Monday, April 6, 2009

What is Epigenetics? An operational definition



ResearchBlogging.orgEpigenetics is a hot topic; its usage in articles included in PubMed has increased by more than tenfold in the last 10 years.
This trend, however, could be explained, to some degree, by its loose usage. Although there is a clear meaning to the concept, it has been used to define things that are not exactly epigenetics per se, but rather something else.

Indeed, on a recent News Feature1 in Nature discussing concepts described as “difficult to define” (concepts on which the community, as a whole, has not found consensus, or which are not perceived the same way by everyone) “epigenetics” was selected as a tough concept and was discussed at length [Language: Disputed definitions]. To illustrate my point, see what Adrian Bird, a professor at the University of Edinburgh has to say about it:

"Epigenetics is a useful word if you don't know what's going on — if you do, you use something else"
There is a generalized misconception (mainly among scientists that are not experts on chromatin) on what epigenetics means.

So what exactly is epigenetics? On a recent meeting (last December) on chromatin-based epigenetics, hosted by the Banbury Conference Center (a beautiful place) and Cold Spring Harbor Laboratory, several aspects of epigenetic control of gene expression and function were discussed and there was an intent to arrive at a consensus definition of epigenetics to be considered by the broader community.

Berger et al.,2 illustrate the concept and provide us with an operational definition of epigenetics. As it is now clear that there are several mechanisms involved in the initiation, maintenance, and heritability of epigenetic states, it’s important to integrate this knowledge into an operational framework.

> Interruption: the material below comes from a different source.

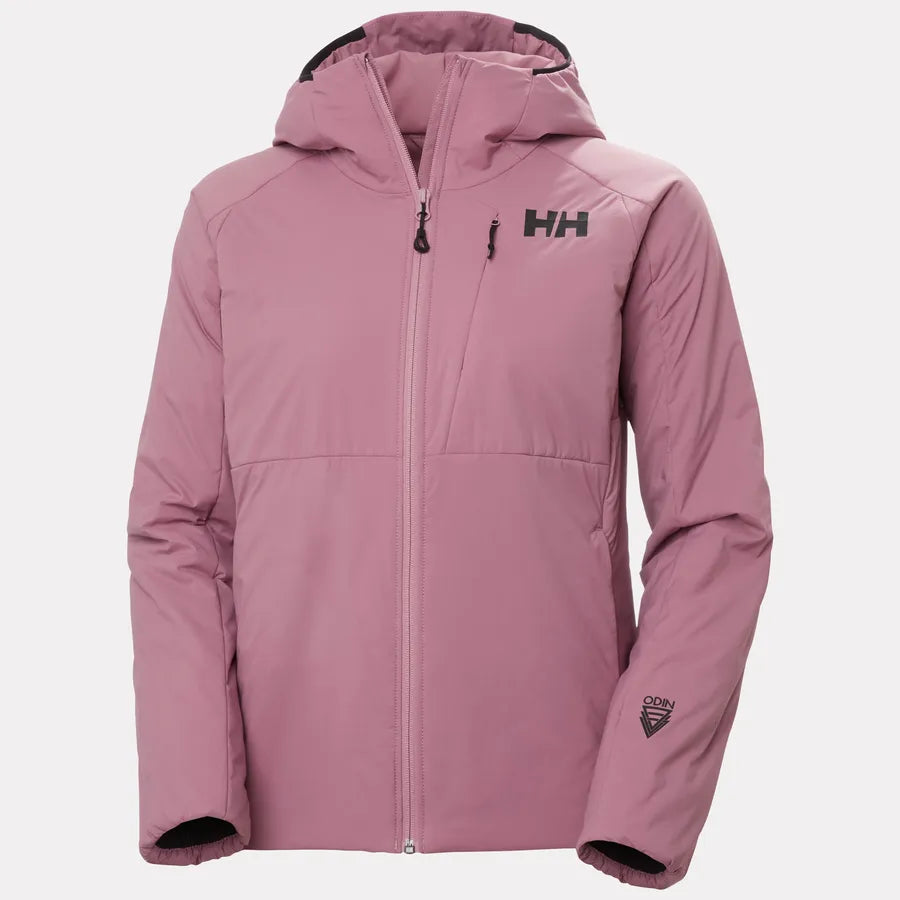 Helly Hansen Women’s Odin Stretch Hood Insulator 2.0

Let’s start by getting the concept of "epigenetics" out of our way: “An epigenetic trait is a stably heritable phenotype resulting from changes in a chromosome without alterations in the DNA sequence.” Nothing more, nothing less.

How this state is initiated, maintained and inherited is what constitutes the operational definition of epigenetics and an exciting topic at present.

The authors propose that there are three categories of signals that lead to the establishment of a stably heritable epigenetic state: 1) “Epigenator,” which includes an environmental cue and the intracellular pathways that can lead to an epigenetic phenotype; 2)“Epigenetic Initiator”, which responds to the Epigenator and mediates the establishment of a local chromatin context at a precise location and 3) “Epigenetic Maintainer”, which sustains the epigenetic chromatin state, in the first and subsequent generations, but is not sufficient to initiate it. (See figure).

Figure 1.

Interestingly, post-translational modification of histones could be considered as a Maintenance signal. Nevertheless, it’s not always correct to define histone modifications as epigenetic events. As discussed in the Nature article1, scientists often use the term "epigenetic" to refer to histone modifications in the context of dynamics processes such as transcription induction or DNA repair.

This is wrong. Those are not epigenetic events .

Kevin Struhl at Harvard Medical School in Boston makes the same point1:
"Why did histone marks become epigenetic?" People decided that if they call them that it makes them interesting. Others say that it is not about making things sound important, it is more the lack of any other phrase with which to collectively refer to this type of work"
(I would cringe if someone told me “I’m going to use the term X because I’m not exactly sure what else to use, although I know it may not be the most appropriate word for what I’m trying to say”).

As discussed by Berger et al.,
“(…) certain histone modifications very likely play a role as Maintainers of epigenetic signals; however, this does not mean that all post-translational modifications of histones are epigenetic in nature
Finally, Berger et al. discuss some biological examples for each of the proposed categories, for example, non-coding RNAs (such as Xist, see refs.3,4) as Initiatiors (see figure).

This is an interesting article considering the importance of this “precise and stable control of gene expression and genomic regulation through multiple generations”, and I welcome these kinds of articles that come along every few years to remind us what certain concepts actually refer to in order for everyone to be on the same page.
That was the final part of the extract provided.